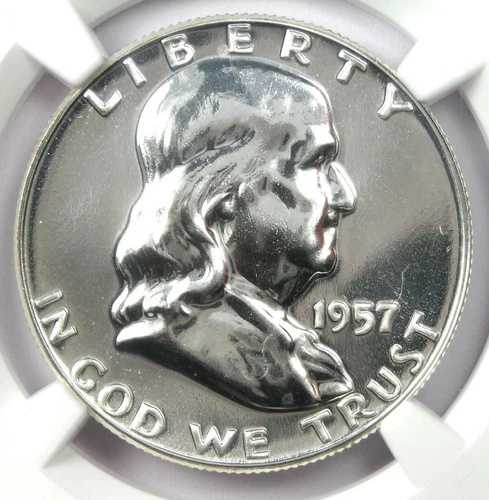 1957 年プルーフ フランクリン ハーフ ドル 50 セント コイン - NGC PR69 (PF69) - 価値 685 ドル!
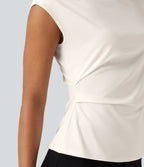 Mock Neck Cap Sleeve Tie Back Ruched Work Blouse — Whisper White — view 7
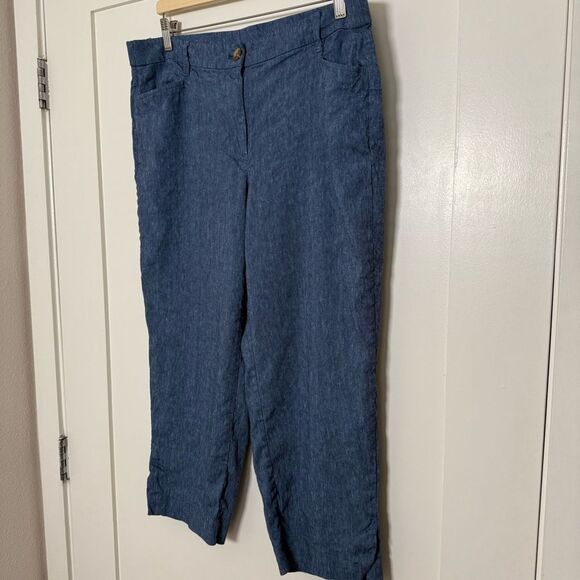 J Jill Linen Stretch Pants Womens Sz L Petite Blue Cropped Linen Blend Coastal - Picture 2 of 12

---

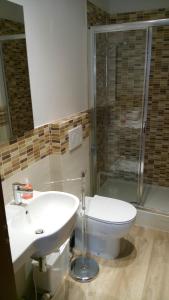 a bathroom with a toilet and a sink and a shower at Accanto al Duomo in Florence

- DESCRIPTION OF THE TASK -
Within the listing above, the lines starting at the one containing "Mock Neck Cap" and ending at the one containing "J Jill Linen Stretch" are to be returned exactly. Omit the pictures.

- TASK SOLUTION -
 Mock Neck Cap Sleeve Tie Back Ruched Work Blouse — Whisper White — view 7
 J Jill Linen Stretch Pants Womens Sz L Petite Blue Cropped Linen Blend Coastal - Picture 2 of 12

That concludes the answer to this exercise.